Search code examples
hadoophiveimpalahadoop-partitioning

Hadoop partitioning. How do you efficiently design a Hive/Impala table?


How do you efficiently design a Hive/Impala table considering the following facts?

  1. The table receives tool data of about 100 million rows every day. The date on which it receives the data is stored in a column in the table along with its tool id.
  2. Each tool receives about 500 runs per day which is identified by column run id. Each run id contains data approximately of size 1 mb.
  3. The default size of the block is 64 mb.
  4. The table can be searched by date, tool id and run id in this order.

Solution

  • If you are doing analytics on this data then a solid choice with Impala is using Parquet format. What has worked well for our users is to partition the date by year, month, day based a date value on the record.
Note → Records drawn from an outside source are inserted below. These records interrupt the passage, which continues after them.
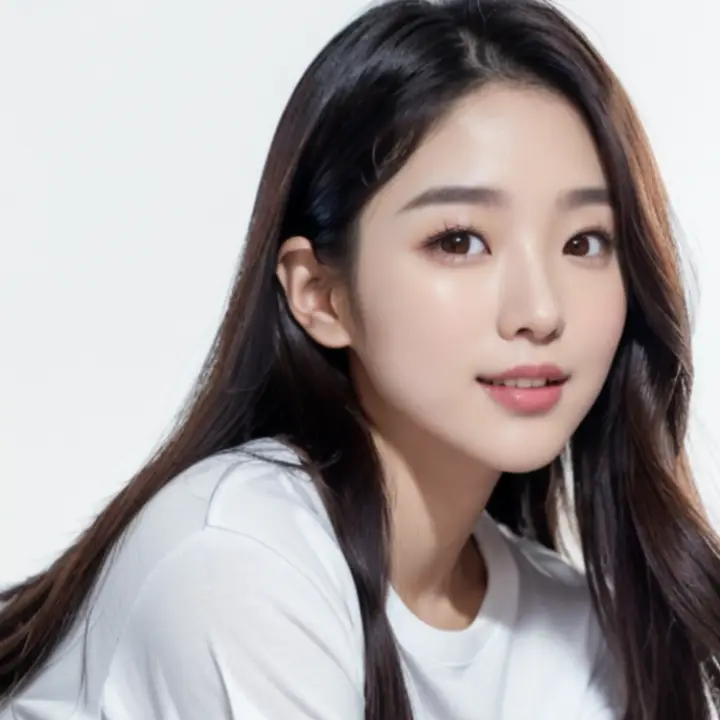 오똑한 코 분홍색 입술 하얀 피부 긴 생머리에 강아지 처럼 귀엽게 생긴 흰 티셔츠를 입은 여성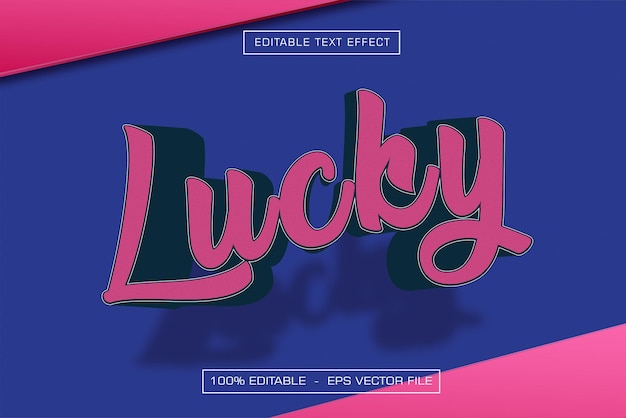 Vector vector lucky text effect editable with modern font style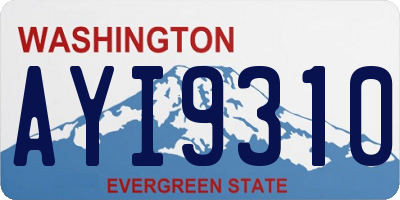 WA license plate AYI9310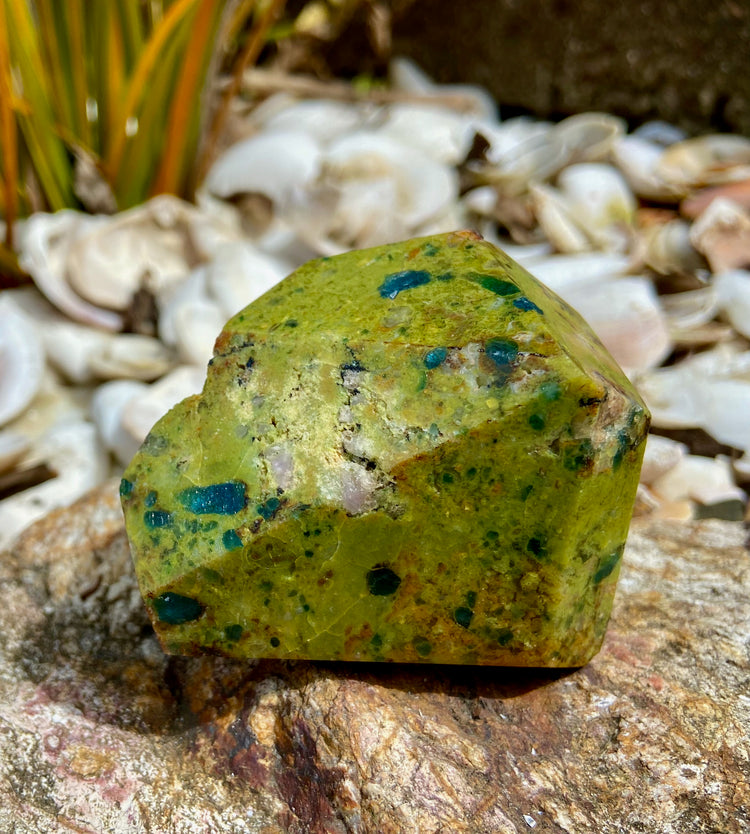 Blue Apatite in Green Opal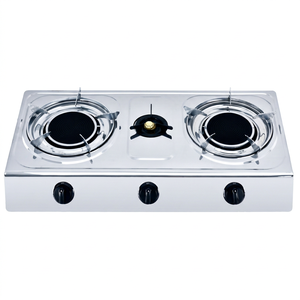 Estufa de gas de acero inoxidable de 3 quemadores con quemador infrarrojo, control por perilla, encendido piezoeléctrico, de sobremesa, para el hogar. - Product Image 1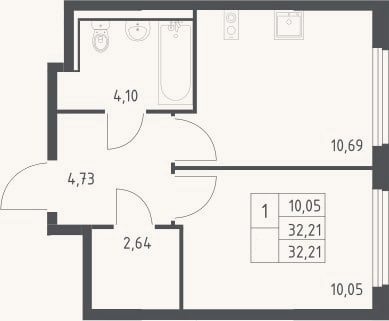 Планировка: 1-к, 32,2 м²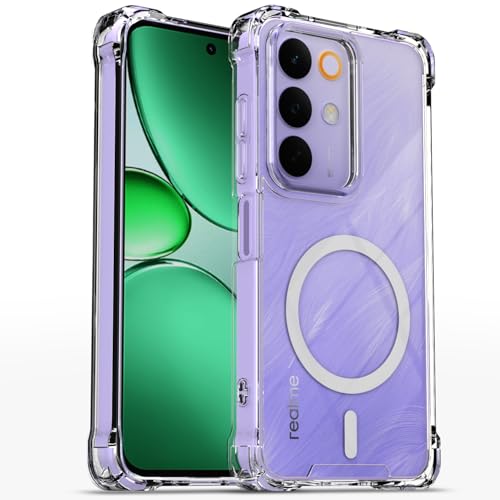 Pikkme Back Cover for Realme Narzo 90X 5G / Realme C85 5G / Realme 15X 5G Mag-Safe Shockproof PC + TPU Protective Case Magnetic Support Bumper Case (Transparent Mag-Safe) - Image 1
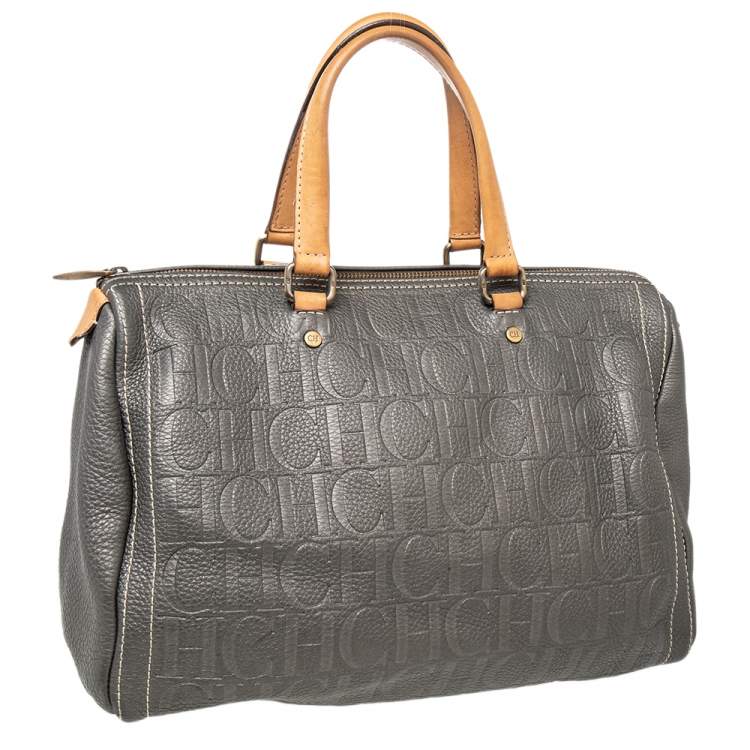 Pre Owned CH Carolina Herrera Grey Leather Large Andy Boston Bag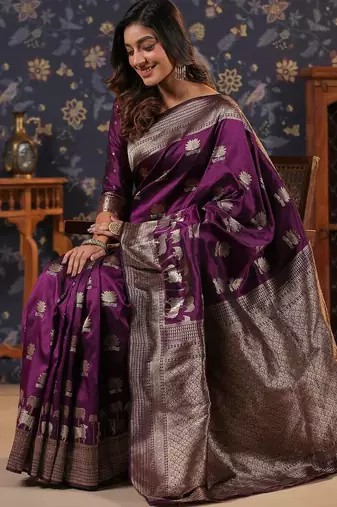 Burgundy woven design banarasi saree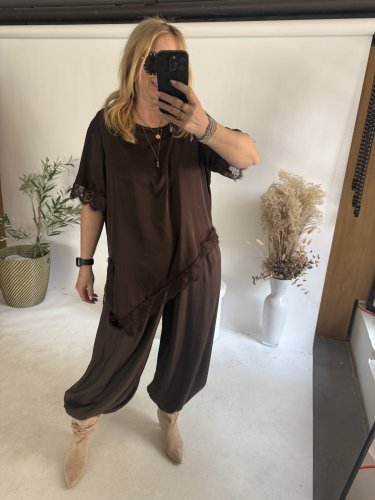 Kalhoty Chicca-hnědá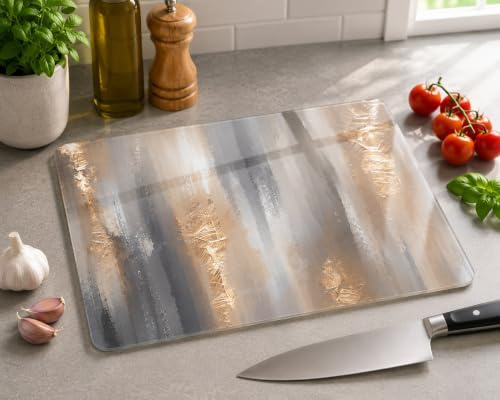 Tagliere in Vetro Temperato per Cucina, Rettangolare con Piedini in Gomma, Resistente al Calore, Antiscivolo | 30cm x 40cm | (Kanvas Dokulu)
    So for example CREATE TABLE foo (tool_id int, eff_dt timestamp) partition (year int, month int, day int) stored as parquet

    When loading the data into this table we use something like this to create dynamic partitions:

    INSERT INTO foo partition (year, month, day)
    SELECT tool_id, eff_dt, year(eff_dt), month(eff_dt), day(eff_dt)
    FROM source_table;
    

    Then you train your users that if they want the best performance to add YEAR, MONTH, DAY to their WHERE clause so that it hits the partition for better performance. Then have them add the eff_dt in the SELECT statement so they have a date value in the format they like see in their final results.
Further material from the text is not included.